Mi obsesión con este punto de Federer durante cinco años tenía que ver con la necesidad de encontrar algo sobre lo que edificar ideas de resiliencia o aprendizaje. El error siempre estuvo en pensar que lo que sucede supone algo sobre lo cual construir. Yo imagino que Roger Federer, de seguro menos que yo, vuelve a ese punto y piensa: debí hacer algo diferente. No obstante, como yo, se da cuenta de lo que finalmente va esta perorata.
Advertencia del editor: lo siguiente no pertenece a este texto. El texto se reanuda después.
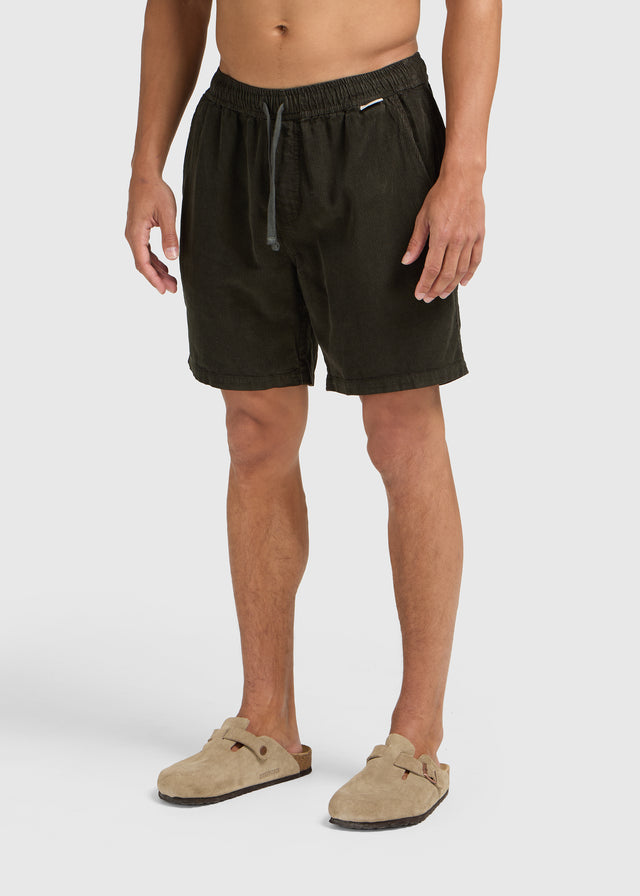 Short en velours côtelé - Vert armée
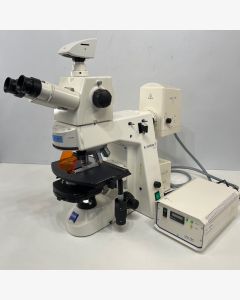 Zeiss Axioskop 2 Upright Fluorescence Microscope System RFP DAPI GFP DIC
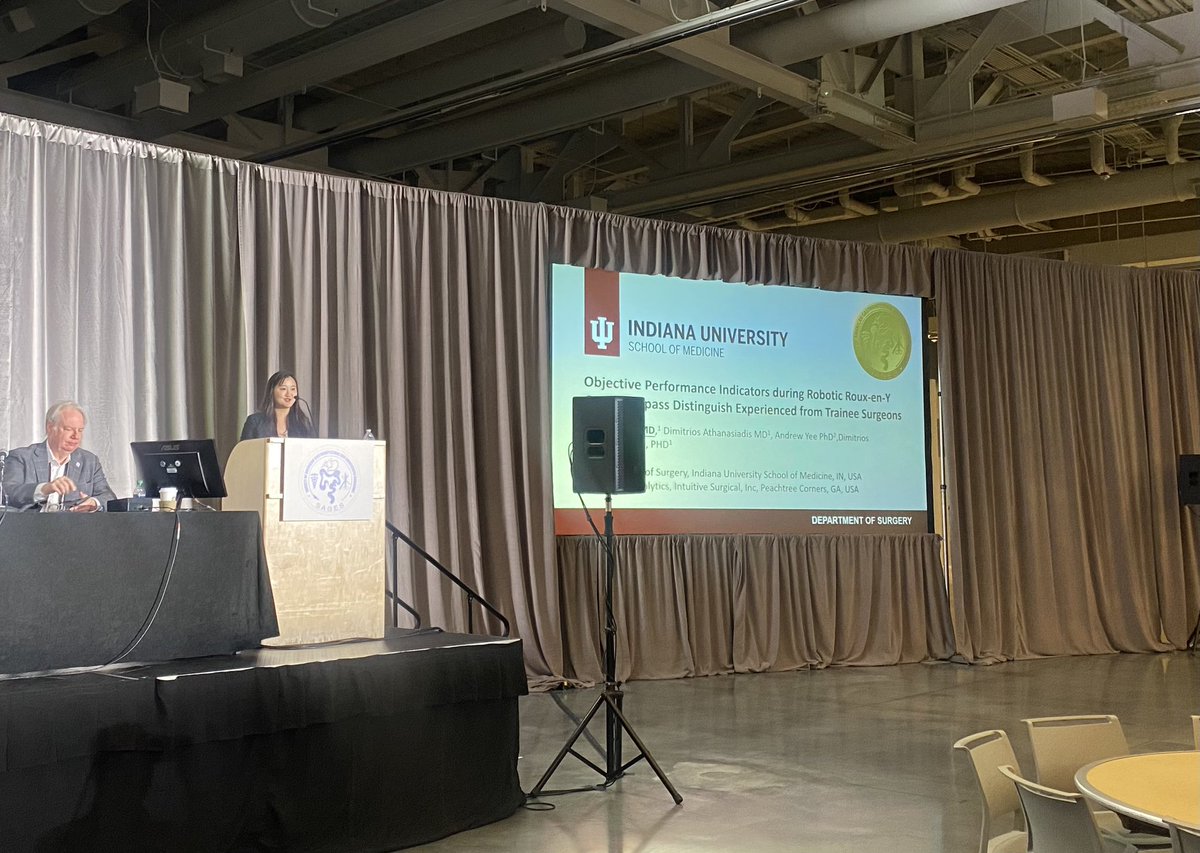 Qais AbuHasan (@qaisabuhasan) on Twitter photo Our own <a href="/md_wendyli/">Wendy Li</a> presented today on the use of OPIs to differentiate between trainees and experts at <a href="/SAGES_Updates/">SAGES is in Tampa in 2026!</a>
We are spearheading the efforts to incorporate OPIs research into bariatric surgery at <a href="/IU_Surgery/">Indiana Surgery -Indiana Univ School of Medicine</a>, stay tuned!
<a href="/dstefanidis1/">Dimitrios Stefanidis</a> <a href="/dimitrios_iu/">Dimitrios I. Athanasiadis</a> <a href="/IntuitiveSurg/">Intuitive</a> Our own <a href="/md_wendyli/">Wendy Li</a> presented today on the use of OPIs to differentiate between trainees and experts at <a href="/SAGES_Updates/">SAGES is in Tampa in 2026!</a>
We are spearheading the efforts to incorporate OPIs research into bariatric surgery at <a href="/IU_Surgery/">Indiana Surgery -Indiana Univ School of Medicine</a>, stay tuned!
<a href="/dstefanidis1/">Dimitrios Stefanidis</a> <a href="/dimitrios_iu/">Dimitrios I. Athanasiadis</a> <a href="/IntuitiveSurg/">Intuitive</a>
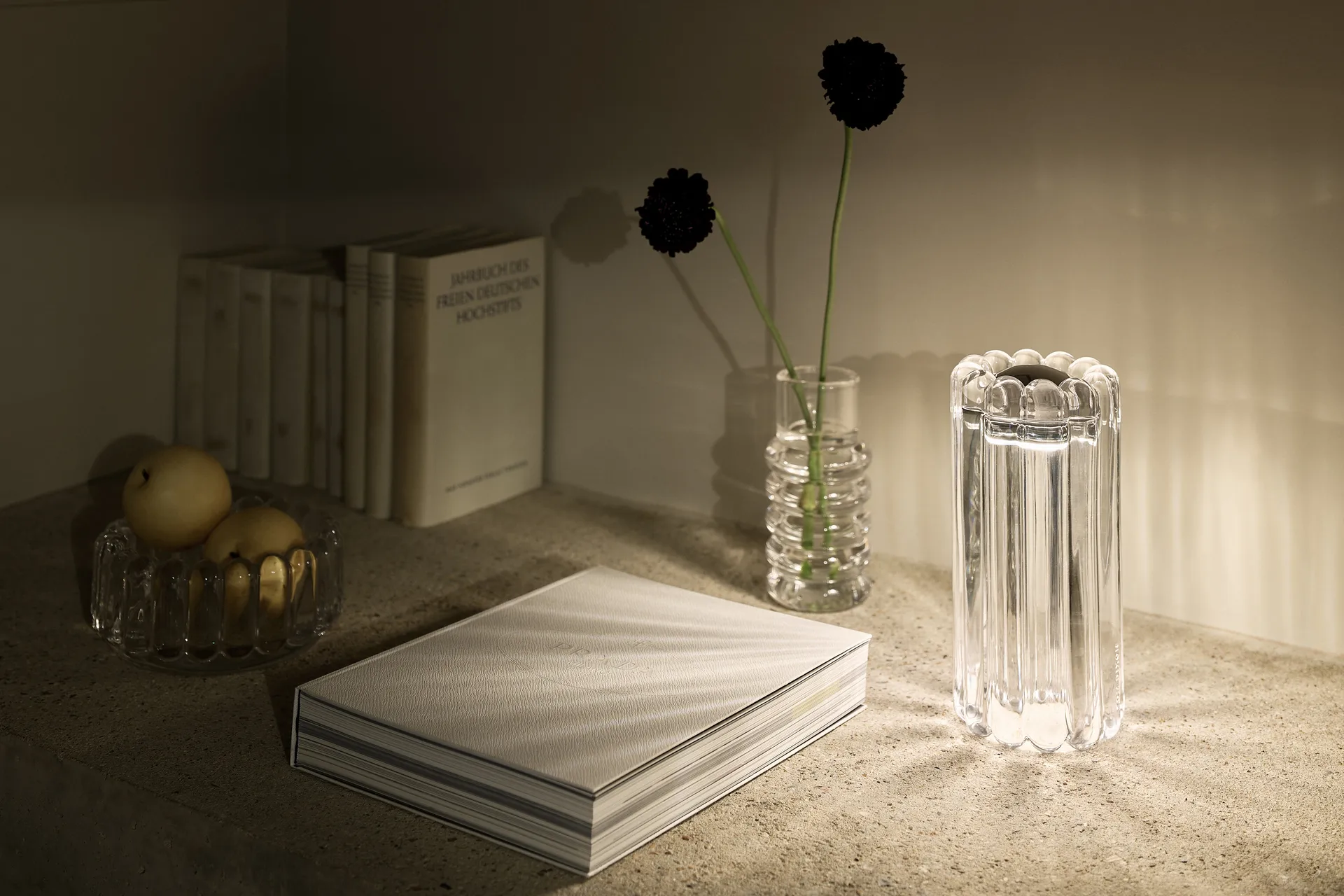 Press Stem vase, clear Tom Dixon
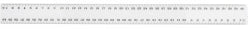 40cm Plastic Ruler Marbig Clear
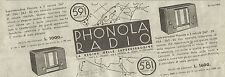 Y2090 phonola radio usato  Villafranca Piemonte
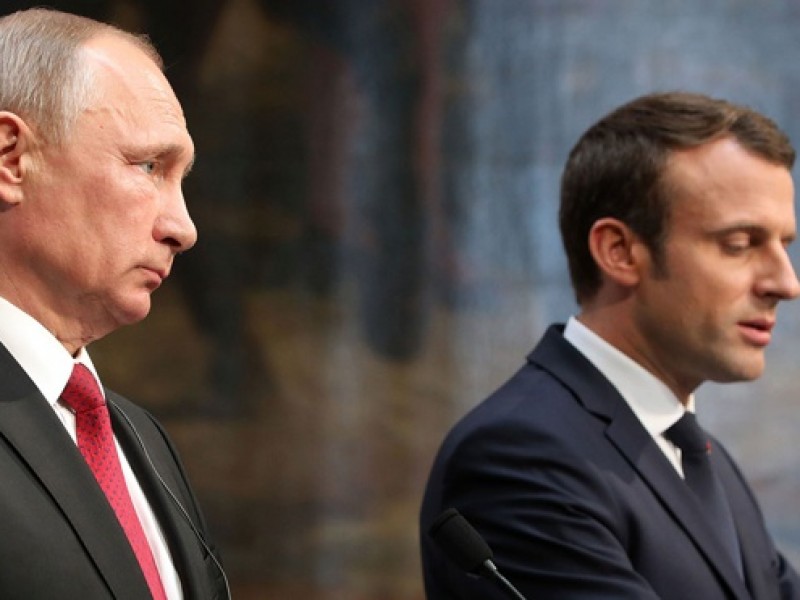 Путин и Макрон обсудили ситуацию в Украине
Creo que aquellos momentos, como ese punto o como aquel día que usted levantó la voz, el día aquel que lo decepcionaron profundamente y no quiso responder, el dolor aquel que causó con lo que no debió decir o esa pérdida que recordó ahora, son momentos en los que el tiempo se detiene y uno los puede volver a ver una y otra vez, pero, insisto, la gran mayoría no tienen lección, no tienen razón de ser, tienden a ser inmerecidos, injustos o una mierda, pero quedan ahí, inamovibles, y los visitamos no para pensar qué aprendimos o ponderar las opciones que no tomamos, los visitamos para avanzar, pensando que en realidad lo que deberíamos es soltar.

Por suerte, para que esto no termine así, Leila Guerriero lo escribió hermoso. 

Dejar atrás es, ahora, la forma de ganarlo todo. Regresar, la única forma de seguir adelante.